Entscheidungsstichwort (Thema)

Sozialrechtliches Verwaltungsverfahren. Überprüfungsantrag. Grundsicherung für Arbeitsuchende. Leistungsausschluss für Ausländer bei Aufenthalt zur Arbeitsuche. Unionsbürger. kein anderes Aufenthaltsrecht als niedergelassener selbständiger Erwerbstätiger. kein abgeleitetes Aufenthaltsrecht als sorgerechtsausübender Elternteil eines Kindes in Schulausbildung. keine notwendige Beiladung und Verurteilung des Sozialhilfeträgers

 

Orientierungssatz

1. Ein dem Leistungsausschluss gemäß § 7 Abs 1 S 2 Nr 2 SGB 2 aF entgegenstehendes anderes Aufenthaltsrecht als niedergelassener selbständiger Erwerbstätiger im Sinne des § 2 Abs 2 Nr 2 FreizügG/EU 2004 liegt nicht vor, wenn das angemeldete Gewerbe tatsächlich nicht ausgeübt wurde.

2. Ein abgeleitetes Aufenthaltsrecht als sorgerechtsausübender Elternteil eines Kindes in Schulausbildung gemäß § 2 Abs 1 FreizügG/EU 2004 iVm Art 10 EUV 492/2011 besteht nicht, wenn beide Elternteile im strittigen Zeitraum keinen Arbeitnehmerstatus in Deutschland innegehabt haben.

3. Der Leistungsausschluss gemäß § 7 Abs 1 S 2 Nr 2 SGB 2 aF ist mit europa- und verfassungsrechtlichen Vorschriften vereinbar.

4. Eine Beiladung und Verurteilung des Sozialhilfeträgers gemäß § 75 Abs 2 Alt 2, Abs 5 SGG kommt nur in Betracht, wenn im Verfahren gegen den Beigeladenen im Wesentlichen über dieselben Tat- und Rechtsfragen wie im Ausgangsverfahren gegen den Grundsicherungsträger zu entscheiden ist.

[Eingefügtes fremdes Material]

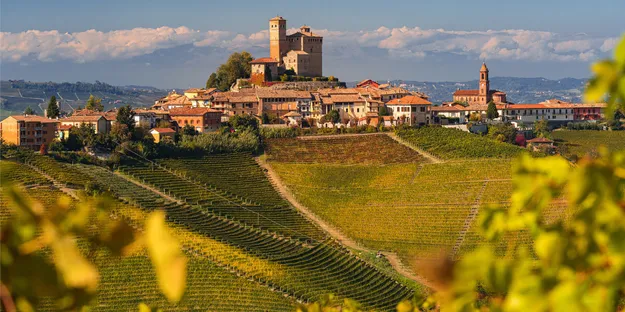 6 Maddede Barolo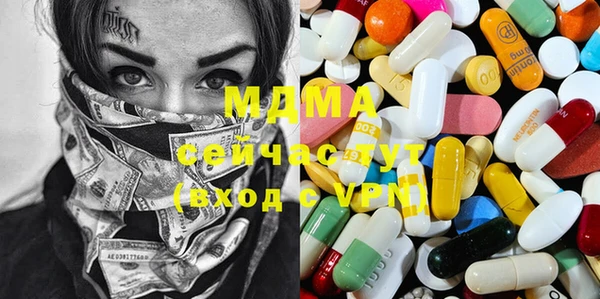 индика Дмитров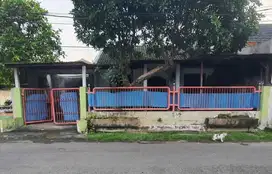 ‼️Rumah Murah Griya Citra Asri SBY Barat ‼️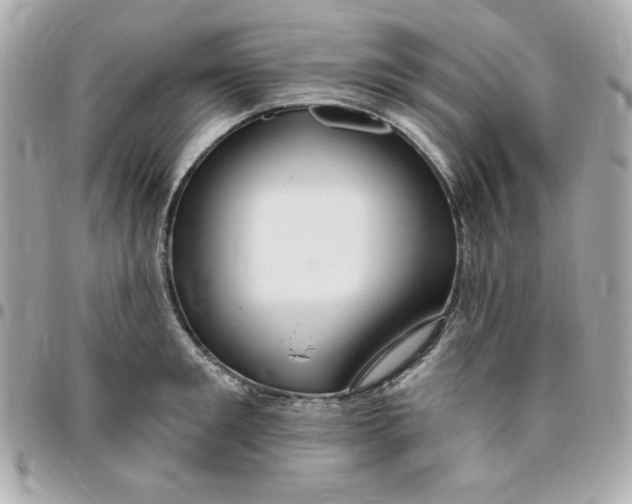 X0000096470901200802071854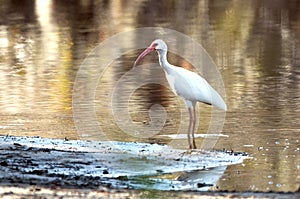 White Ibis along the Suwannee Riverl in the Okefenokee Swamp National Wildlife Refuge, Georgia, USA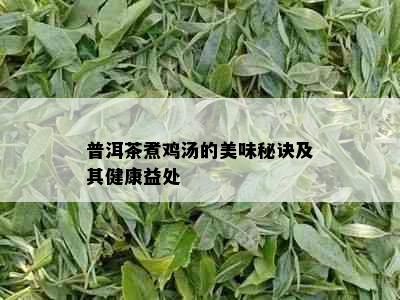 普洱茶煮鸡汤的美味秘诀及其健康益处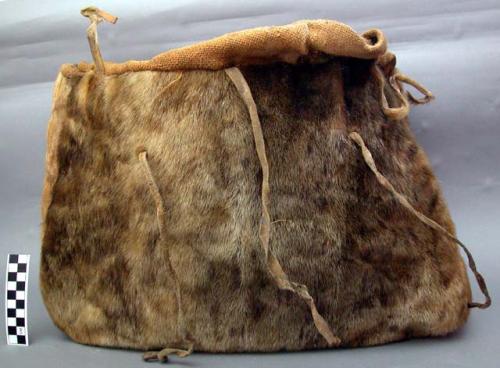 Seal skin pocket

Dies ist allein schon deshalb nicht der Fall, weil aufgrund der Struktur des Anspruchs aus § 44 Abs 1 S 1 SGB 10 nicht im Wesentlichen über dieselben Tat- und Rechtsfragen zu entscheiden ist.

 

Nachgehend

BSG (Urteil vom 18.05.2022; Aktenzeichen B 7/14 AS 27/21 R)

 

Tenor

Die Berufung der Klägerinnen gegen das Urteil des Sozialgerichts Düsseldorf vom 19.11.2019 wird zurückgewiesen.

Außergerichtliche Kosten sind auch im Berufungsverfahren nicht zu erstatten.

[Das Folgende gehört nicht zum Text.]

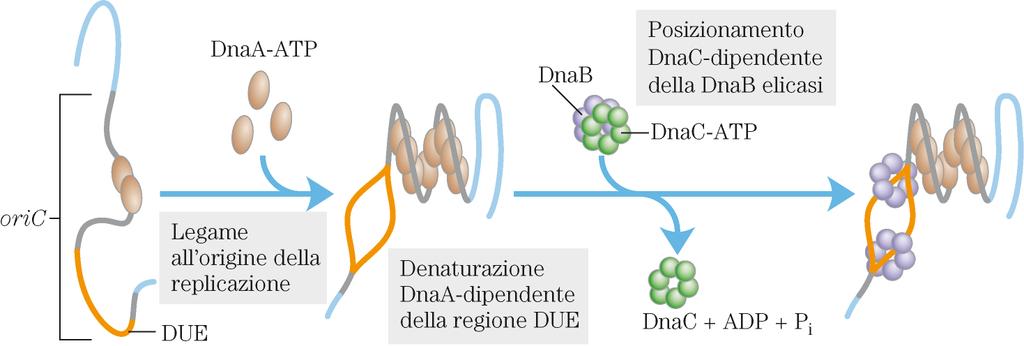 INIZIO DELLA REPLICAZIONE A LIVELLO DELLA oric DnaA DnaB elicasi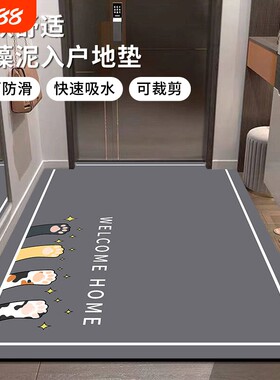 家用耐脏地毯玄关门口防滑脚垫子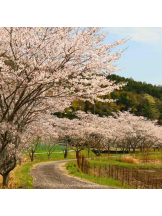 PURITY - らんの女の子ブログ画像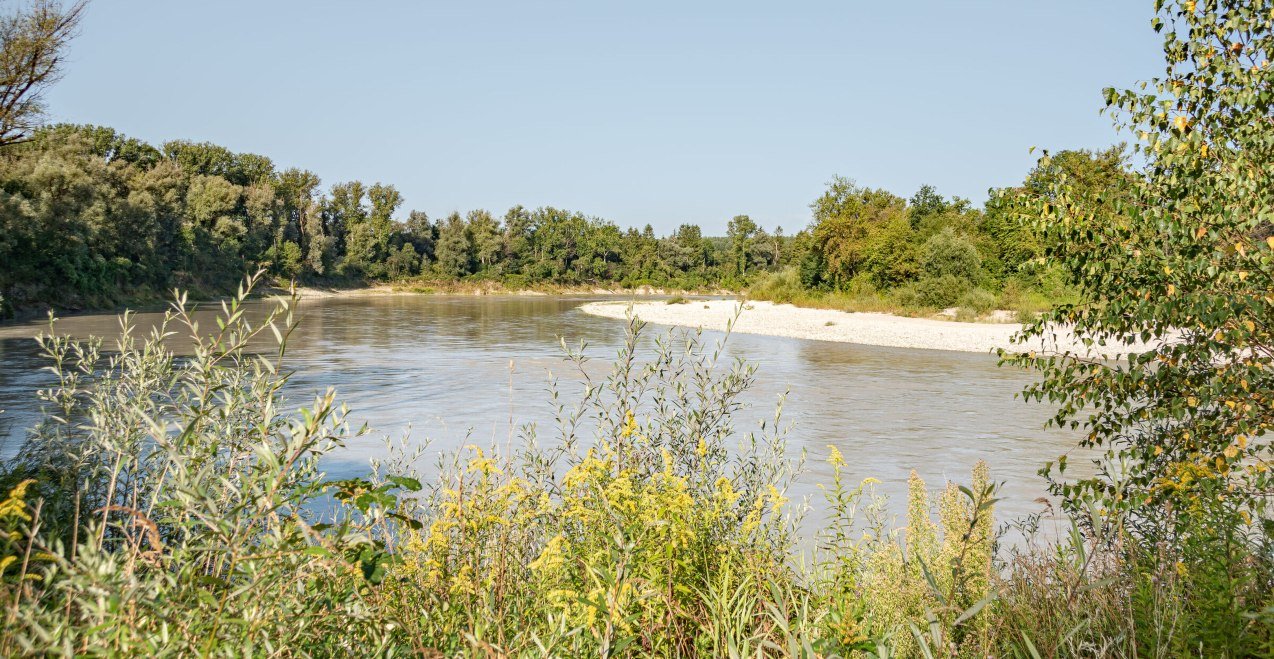 Innauen, &copy; Saskia Niedermeier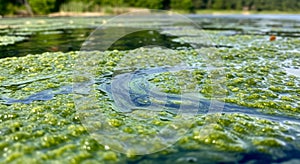 Close Up of Green Algae Blooming on a Calm River Surface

Die Revision wird zugelassen.

 

Tatbestand

Zwischen den Beteiligten ist der Anspruch auf Grundsicherungsleistungen nach dem SGB II für die Zeit vom 01.08.2012 bis 31.10.2012 streitig.

Die am 00.00.1987 geborene Klägerin zu 1) ist geschieden und Mutter der am 07.01.2006 geborenen Klägerin zu 2). Beide haben die estnische Staatsbürgerschaft.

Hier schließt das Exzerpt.